Trubisz, a retired engineer, spent his early days on his grandparents 45-acre farm just east Hallockville Museum Farm on Sound Avenue. His grandparents, Charles and Stephanie Trubisz, came from Poland around 1900 and bought the farm from Halsey Hallock in 1918 for $7,000. The grandparents lived in the “big house” on the farm and when his father Antone married Jean they settled in what was know as the “little house.”

Tony only lived there with his sister Barbara until he was 5, but has very fond memories, so much that he, along with the help of Hallockville board member Richard Wines, underwrote for and moved the house from the former farm in 2003 to the museum farm.
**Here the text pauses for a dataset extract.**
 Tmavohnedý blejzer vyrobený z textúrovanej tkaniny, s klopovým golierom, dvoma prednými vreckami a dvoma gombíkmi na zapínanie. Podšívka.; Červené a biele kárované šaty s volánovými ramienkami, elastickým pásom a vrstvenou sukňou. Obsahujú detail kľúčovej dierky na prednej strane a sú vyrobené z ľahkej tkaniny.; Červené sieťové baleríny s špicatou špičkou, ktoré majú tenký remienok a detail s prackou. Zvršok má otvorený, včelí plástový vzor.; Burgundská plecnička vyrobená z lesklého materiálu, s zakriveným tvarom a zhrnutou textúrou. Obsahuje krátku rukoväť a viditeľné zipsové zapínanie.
It took five years to restore and in 2010 “The Trubisz Farm: An American Family Story” a timeline and exhibit of photos and family memorabilia by Richard Wines and Mary Anne Huntington was installed in his former bedroom in the small 600 square-foot building.

Tony Trubisz Jr.'s grandmother Stephanie took over farming after her husband Charles became ill around 1940. She claimed she was the second largest grower of brussel sprouts on Long Island. Tony called her "the queen of Sound Avenue".

Tony Trubisz Jr.’s grandmother Stephanie took over farming after her husband Charles became ill around 1940. She claimed she was the second largest grower of brussel sprouts on Long Island. Tony called her “the queen of Sound Avenue”.